▶ [What is required] Among the entries below, the lines from the one with "If you want" up to and including the one with "Section 32 of" are to be restated exactly, without pictures.

[Saved data entries]
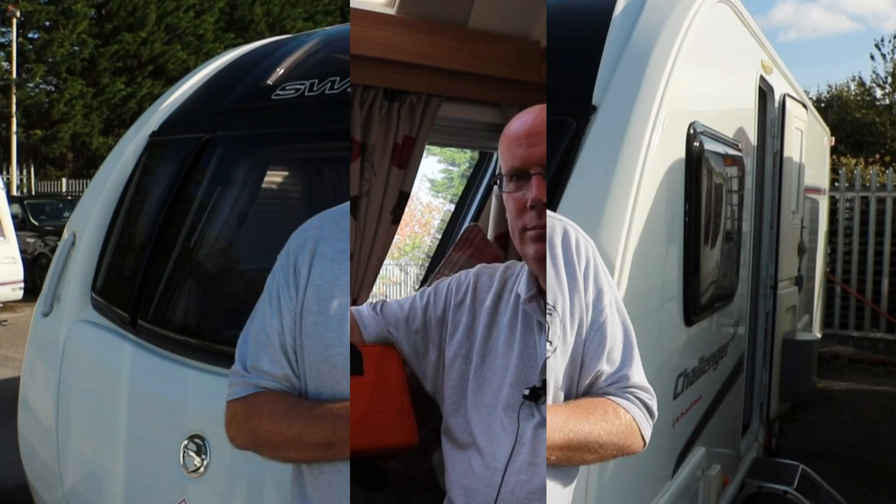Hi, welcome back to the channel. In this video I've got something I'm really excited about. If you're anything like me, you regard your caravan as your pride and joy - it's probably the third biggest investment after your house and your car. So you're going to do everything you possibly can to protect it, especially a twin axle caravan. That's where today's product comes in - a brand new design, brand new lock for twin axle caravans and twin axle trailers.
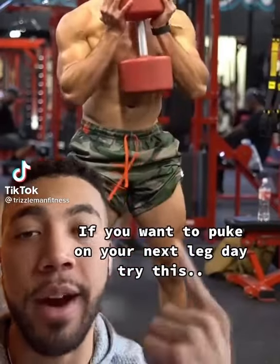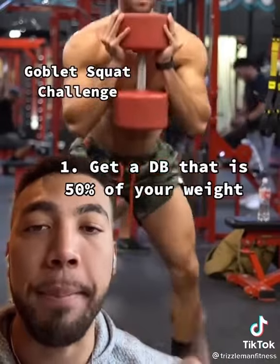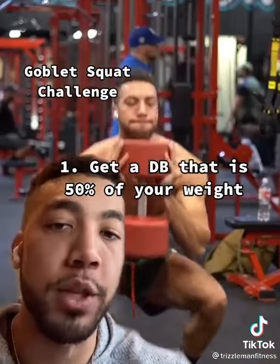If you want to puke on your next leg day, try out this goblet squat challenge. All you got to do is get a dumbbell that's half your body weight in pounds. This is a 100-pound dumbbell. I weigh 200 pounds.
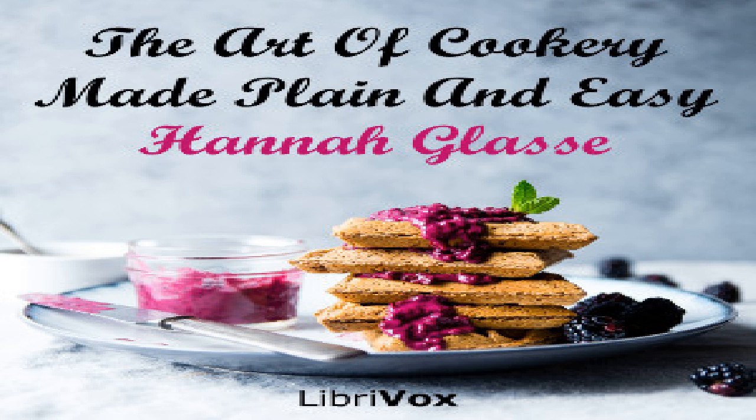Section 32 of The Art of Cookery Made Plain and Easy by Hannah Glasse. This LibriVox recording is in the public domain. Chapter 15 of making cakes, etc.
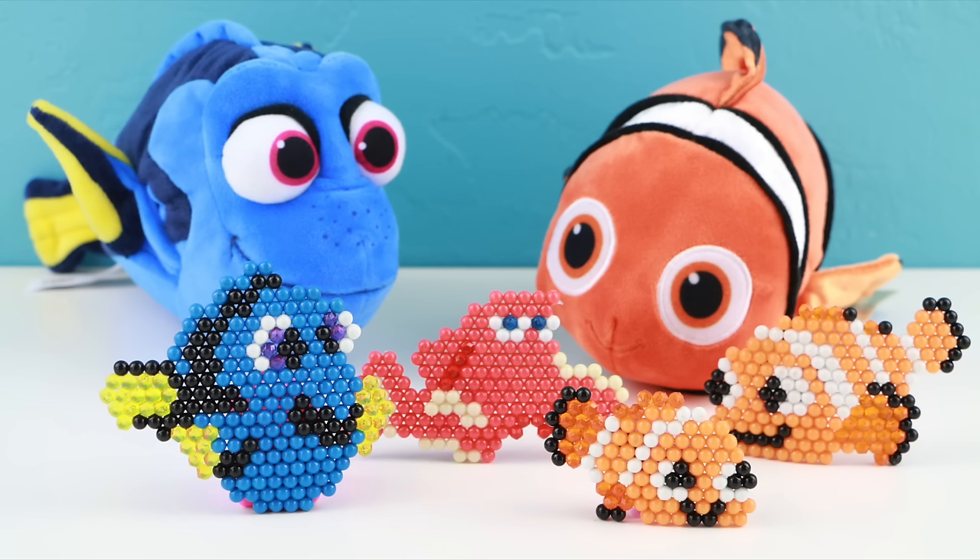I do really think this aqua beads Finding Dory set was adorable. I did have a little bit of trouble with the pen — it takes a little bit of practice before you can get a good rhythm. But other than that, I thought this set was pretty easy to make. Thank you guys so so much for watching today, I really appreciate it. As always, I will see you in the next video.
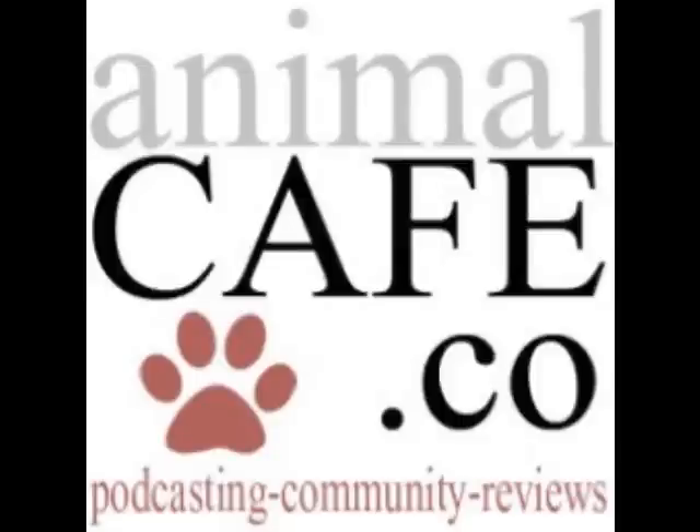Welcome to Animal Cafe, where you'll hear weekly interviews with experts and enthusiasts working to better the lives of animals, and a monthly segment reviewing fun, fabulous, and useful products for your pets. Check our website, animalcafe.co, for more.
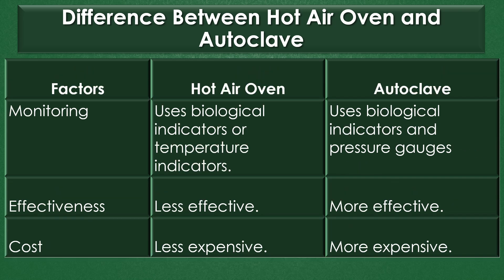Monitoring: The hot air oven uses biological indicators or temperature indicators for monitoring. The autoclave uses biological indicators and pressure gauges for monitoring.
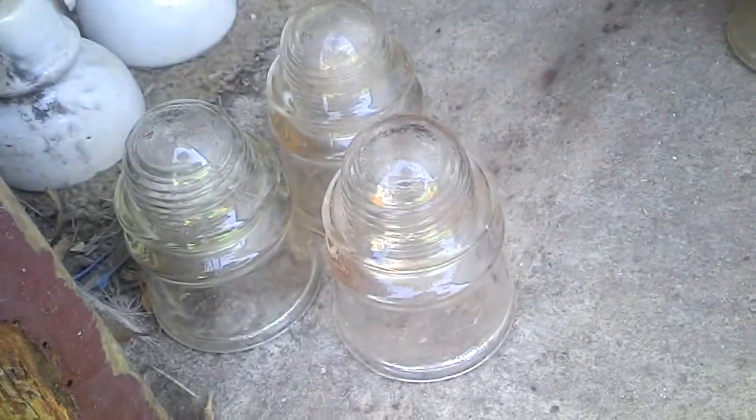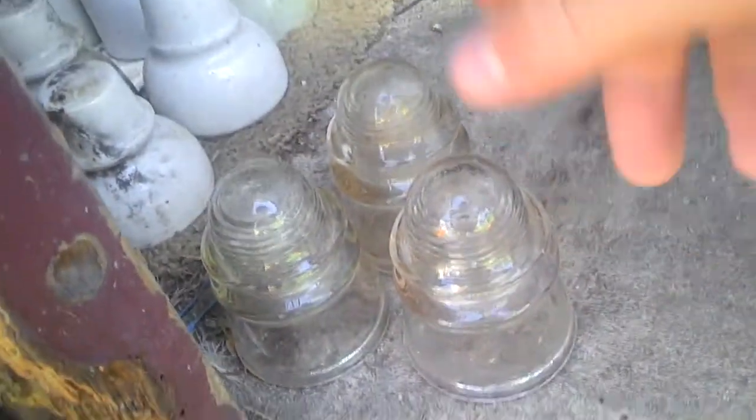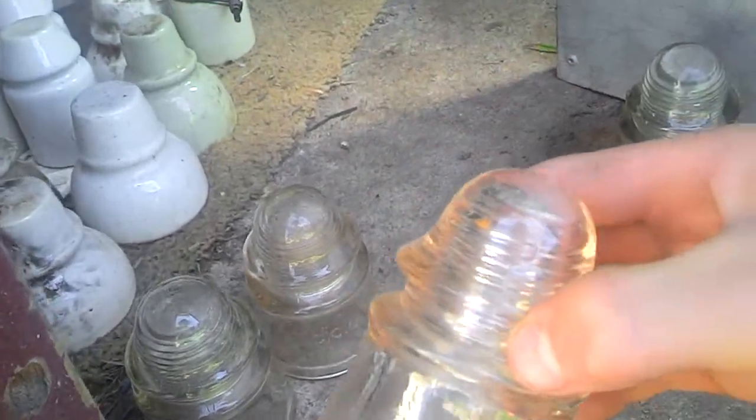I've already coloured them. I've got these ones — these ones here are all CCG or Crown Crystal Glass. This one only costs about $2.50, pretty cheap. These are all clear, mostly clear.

▶ [Task result]
If you want to puke on your next leg day, try out this goblet squat challenge. All you got to do is get a dumbbell that's half your body weight in pounds. This is a 100-pound dumbbell. I weigh 200 pounds.
Section 32 of The Art of Cookery Made Plain and Easy by Hannah Glasse. This LibriVox recording is in the public domain. Chapter 15 of making cakes, etc.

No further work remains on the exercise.